Children need to understand that “it’s cool to make things,” in the advanced manufacturing plants that rely on high-technology in the state, and at the firms being recruited, Hitt said.
“Kids need to understand that we have cool jobs,” Hitt stressed Thursday to regional business leaders and educators at the Workforce Development Summit held by the Catawba Regional Education Center in Rock Hill.
Getting more people interested in manufacturing jobs is key, Hitt said, and it’s his goal to increase the number of manufacturers from 35 percent in the state to “above 50 percent.”
The employers in the room agreed with Hitt’s assertion that South Carolina doesn’t have to have a workforce on standby. The state has proven it has the capacity to train a workforce as needed, Hitt said. He pointed to the more than 5,000 tire workers that have been trained in the state and more to come with the opening of the Giti Tire plant in Richburg.
Yet even the Giti representative at the summit agreed with other business leaders that more than technical training is needed.
Potential Giti employees need to have what employers call “soft skills” – a good work ethic, being dependable, coming to work on time, working well independently and with others, and, in general, being professional.
“You can have work skills all day long, but we can’t hire you without the soft skills,” said Kelly Shumaker, a human resources director for Giti Tire.
It will be 17 months before the first tire is made at Giti’s Richburg plant. Initial hiring at the plant is expected to be about 650 workers. Giti expects to be advertising for some jobs as early as the end of the year, Shumaker said.
Kristen Blanchard, vice president of external corporate affairs at Nutramax in Lancaster, said the company sometimes struggles to find employees with the necessary soft skills.
The company, which makes nutritional supplements for dogs, cats, and horses, employs about 250 people, but is looking to add another 125 over the next five years. The jobs are in a variety of positions, she said.
“Attention to details is important,” Blanchard said because the manufacturing process is automated. Employees also need the soft skills to “come to work on time and to work through conflicts,” she said.

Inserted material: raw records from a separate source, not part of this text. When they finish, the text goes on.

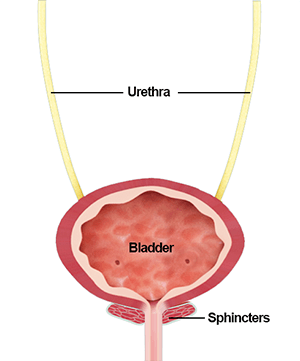 Urodynamics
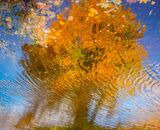Commended: Autumn Tree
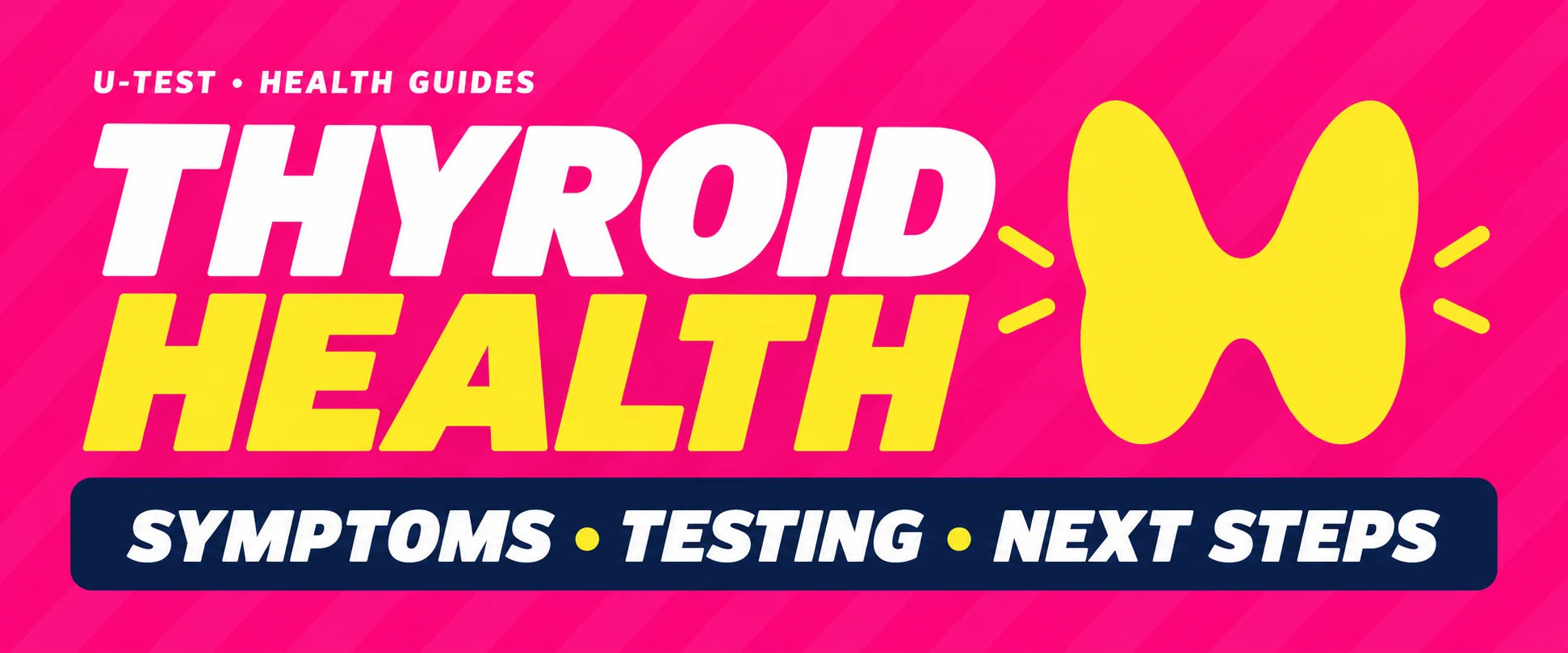 Thyroid — U-Test health guide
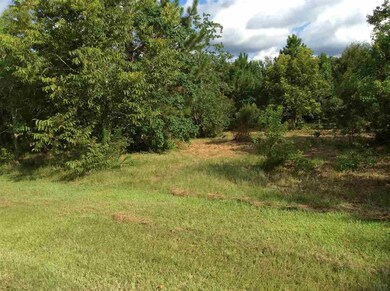 3200 Highway 297a, Cantonment, FL 32533 - photo 2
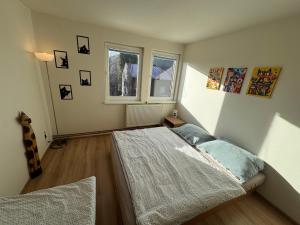 a bedroom with a bed and a window and a guitar at Apartmán Kocourkov in Jáchymov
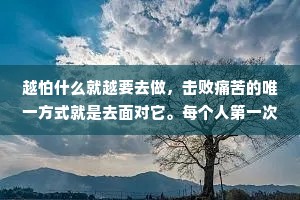 越怕什么就越要去做，击败痛苦的唯一方式就是去面对它。每个人第一次“上台”都会很紧张，但是当你“上台”的次数越来越多,你就会变得习以为常，甚至你会渴望“上台”的机会，渴望被关注的机会。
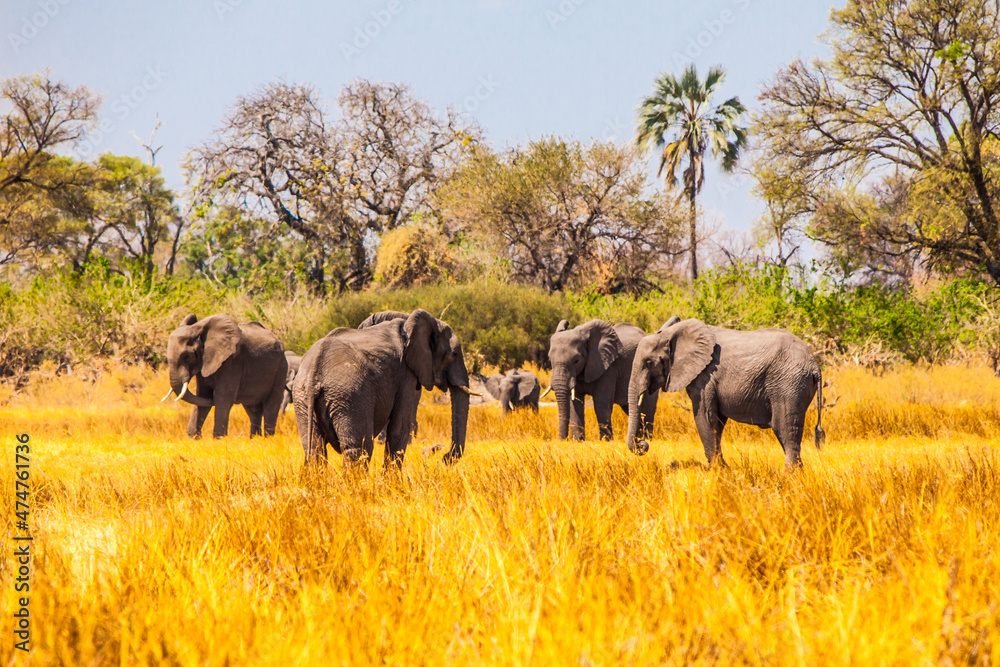 Herd of african elephants in grassland Herd of african elephants in grassland
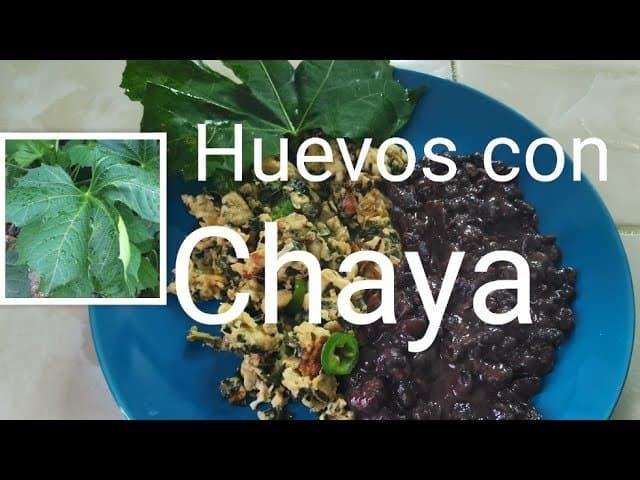 Cómo Preparar la Mejor Receta de Huevos Revueltos con Chaya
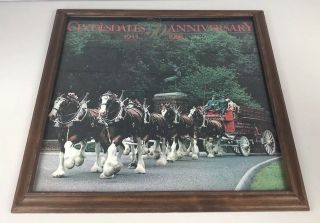 1933 - 83 Vintage Budweiser Clydesdales 50th Anniversary Framed Poster 19x19 " Rare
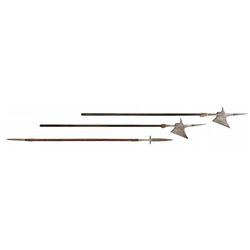 Two German Style Halberds and a Boar Spear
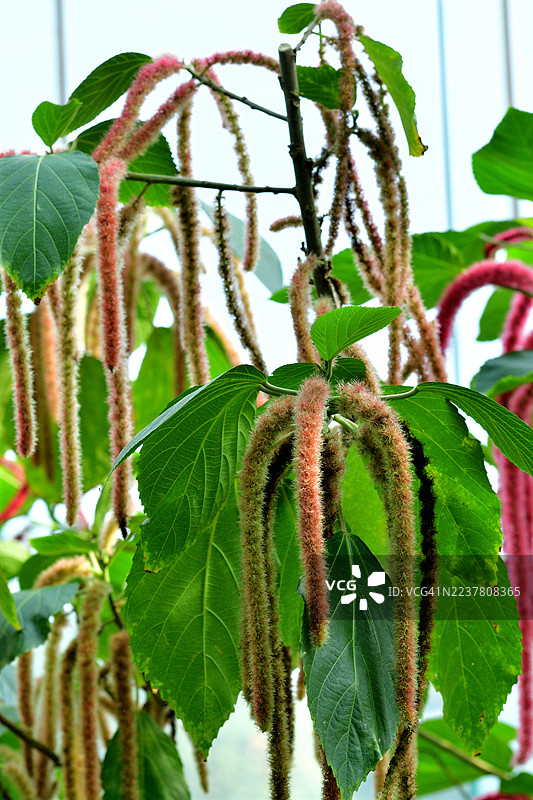 Acalypha Hispida / 铁线莲 / 猴尾巴 / 红猫尾草图片素材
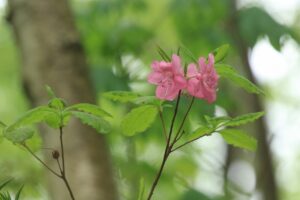 ムラサキヤシオの花2022年5月21日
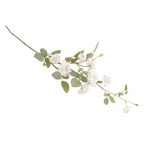 Rózsa ág kisvirágú 77cm - Krém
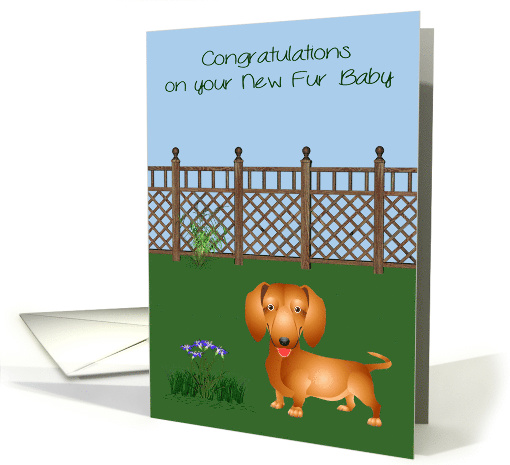 Congratulations On New Pet Dachshund with a Dog in a Yard... (1367164)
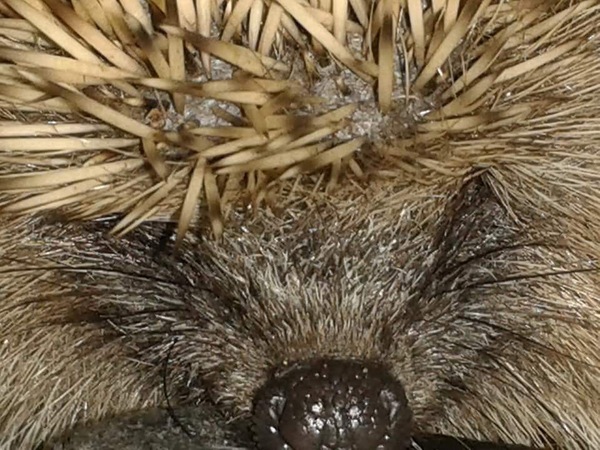 Remember remember it's frugal November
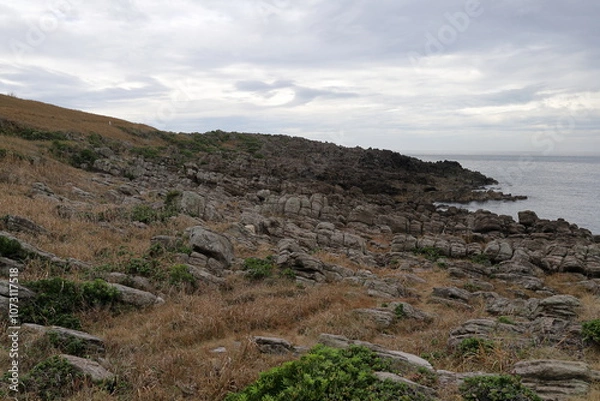 Fototapeta 海岸線から広がる岩場と草原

Greg Rutherford, president of York Technical College, and Kelly Pew, superintendent of Rock Hill schools, agreed that part of the soft skills problem is societal.
Rutherford said he tries to speak to every person on campus “that comes within five feet of me.” Many of the students, he said, won’t make eye contact with him, Rutherford said.
York Tech’s solution, Rutherford said, is “we don’t allow students to be passive. We require them to stand and deliver. It makes them uncomfortable.”
York Tech also has changed some of its policies. The class absence policy was changed from 20 percent to 10 percent and the school no longer accepts late registration.